Hobbs cleared his throat, staring at the game. “With all due respect, sir, I think there’s a lot of anger in you.”

Peary bared his teeth at the kid, wondering if he was serious or being a smart-ass. He looked at the board while running a hand over the white bristles of a scalp furrowed in spots by some punk’s bullets long ago. Double sixes might get him back in the game.

He was shaking the dice when Marelli shouted an order for somebody to grab him a bottle of red wine from the cellar and some more cannolis while they were at it. Peary looked at Grevey and Markinson, wondering who would make a move as butler or if they had enough pride not to kiss ass. To their credit, he found both marshals with their faces buried in newspapers. They glanced at each other from their stools at the kitchen counter, passing the telepathy for the other to go fetch. Peary heard the thunder of his heart in his ears, then The Butcher cranked the volume high enough to bring down an eagle soaring over Windham High Peak.

It was more than he could take. The kid had to have seen it coming, but Peary didn’t give a damn if a missile plowed through the roof.
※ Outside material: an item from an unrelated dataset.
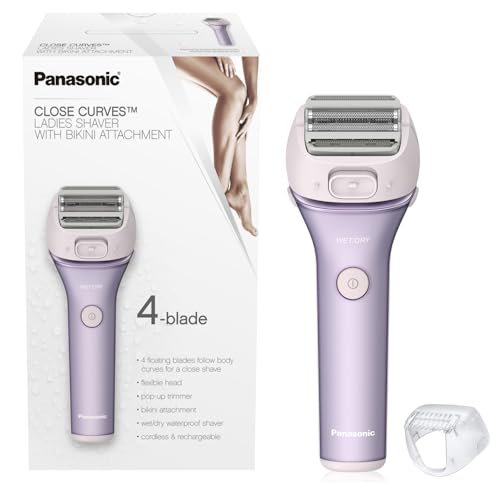 Panasonic Electric Shaver for Women, Cordless 4-Blade Shaver, Bikini Attachment, Pop-Up Trimmer, Wet Dry Operation, Electric Razors for Women - ES-AWL8AV (Purple)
He was up and marching, the .45 out, the kid bleating something in his slipstream. The marshals were dropping their papers now, jowls hanging, but Peary was already sweeping past them.

Marelli was squawking for someone to shake a leg, when Peary drew a bead on the giant screen TV. The peal of .45 wrath drowned out the shouting and cursing around him. Marelli leaped to his feet, dousing his flamingos and island girls with blood-red wine. Peary became even more enraged when he saw the picture still flickering behind the smoke and leaping sparks. One more hollowpoint did the trick.
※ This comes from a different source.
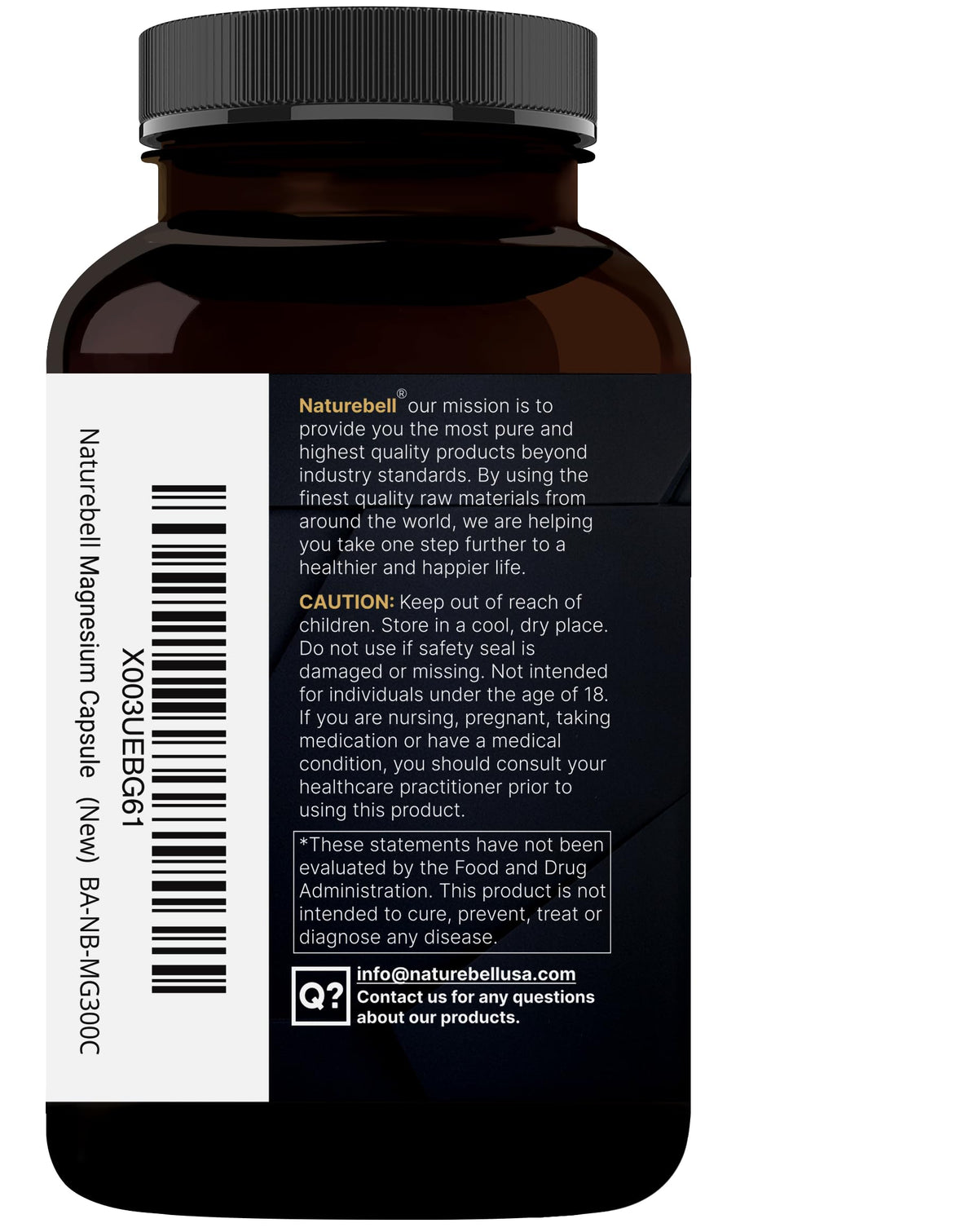 Capsules de magnésium NatureBell dans une cuillère en bois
For what seemed like an hour suspended in time, Peary savored the shock and bedlam. He found less than ten feet separated himself from The Butcher and considered ending it right there. Marelli was bellowing, but it was clear to Peary he didn’t know whether to shit or go blind. The kid, the marshals and the other agents on sentry duty around the lodge were now swarming into the living room, hurling themselves into a buffer zone between him and the wise guy.

Peary wrenched himself free of someone’s grasp. They were all shouting at him, arms flapping, hands grabbing whatever they could. Marelli was already launched into a stream of profanity, threats and outrage, interspersed with taking the Lord’s name in vain, among other blasphemous obscenities. He might have turned his back on Church and God, but he itched to shoot the hood for blasphemy alone.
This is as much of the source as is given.